*WORK TO COMPLETE*: Repeat exactly, and only, the lines from the line containing "Stephen Carlson playing for Cleveland Browns. Stephen" through the last line of the records below, including both.
* * * * *
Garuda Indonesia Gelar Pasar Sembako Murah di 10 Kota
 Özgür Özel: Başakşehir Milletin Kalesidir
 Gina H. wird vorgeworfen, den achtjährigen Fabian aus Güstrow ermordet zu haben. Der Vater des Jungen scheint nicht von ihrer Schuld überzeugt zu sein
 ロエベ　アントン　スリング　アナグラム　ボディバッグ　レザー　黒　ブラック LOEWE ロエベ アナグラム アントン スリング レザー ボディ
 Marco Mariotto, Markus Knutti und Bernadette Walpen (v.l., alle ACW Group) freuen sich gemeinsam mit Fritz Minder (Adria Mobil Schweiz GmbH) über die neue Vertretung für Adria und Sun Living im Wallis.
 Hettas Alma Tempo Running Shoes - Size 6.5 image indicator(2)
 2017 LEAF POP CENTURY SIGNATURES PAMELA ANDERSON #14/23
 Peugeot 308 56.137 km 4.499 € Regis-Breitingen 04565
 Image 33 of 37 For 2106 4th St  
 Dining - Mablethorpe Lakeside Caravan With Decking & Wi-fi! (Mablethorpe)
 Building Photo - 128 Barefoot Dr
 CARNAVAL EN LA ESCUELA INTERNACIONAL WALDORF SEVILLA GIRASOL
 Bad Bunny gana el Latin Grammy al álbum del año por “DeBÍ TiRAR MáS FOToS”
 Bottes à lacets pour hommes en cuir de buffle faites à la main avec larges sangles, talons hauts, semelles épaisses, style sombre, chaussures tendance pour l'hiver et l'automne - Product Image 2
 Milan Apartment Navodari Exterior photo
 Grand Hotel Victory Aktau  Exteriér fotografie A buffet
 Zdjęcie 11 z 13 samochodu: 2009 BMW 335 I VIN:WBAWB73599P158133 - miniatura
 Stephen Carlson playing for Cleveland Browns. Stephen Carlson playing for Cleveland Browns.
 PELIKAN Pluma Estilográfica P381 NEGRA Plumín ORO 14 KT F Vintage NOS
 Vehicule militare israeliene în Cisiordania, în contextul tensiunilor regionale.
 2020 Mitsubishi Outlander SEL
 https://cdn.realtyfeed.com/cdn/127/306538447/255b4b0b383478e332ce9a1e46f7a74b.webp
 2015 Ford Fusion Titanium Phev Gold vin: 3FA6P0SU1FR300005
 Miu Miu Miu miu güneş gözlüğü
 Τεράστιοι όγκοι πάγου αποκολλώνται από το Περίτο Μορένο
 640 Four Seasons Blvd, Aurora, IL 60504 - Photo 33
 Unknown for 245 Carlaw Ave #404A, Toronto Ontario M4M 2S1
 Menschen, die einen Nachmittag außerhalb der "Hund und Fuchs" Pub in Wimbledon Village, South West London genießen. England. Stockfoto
* * * * *
*EXERCISE OUTPUT*:
 Stephen Carlson playing for Cleveland Browns. Stephen Carlson playing for Cleveland Browns.
 PELIKAN Pluma Estilográfica P381 NEGRA Plumín ORO 14 KT F Vintage NOS
 Vehicule militare israeliene în Cisiordania, în contextul tensiunilor regionale.
 2020 Mitsubishi Outlander SEL
 https://cdn.realtyfeed.com/cdn/127/306538447/255b4b0b383478e332ce9a1e46f7a74b.webp
 2015 Ford Fusion Titanium Phev Gold vin: 3FA6P0SU1FR300005
 Miu Miu Miu miu güneş gözlüğü
 Τεράστιοι όγκοι πάγου αποκολλώνται από το Περίτο Μορένο
 640 Four Seasons Blvd, Aurora, IL 60504 - Photo 33
 Unknown for 245 Carlaw Ave #404A, Toronto Ontario M4M 2S1
 Menschen, die einen Nachmittag außerhalb der "Hund und Fuchs" Pub in Wimbledon Village, South West London genießen. England. Stockfoto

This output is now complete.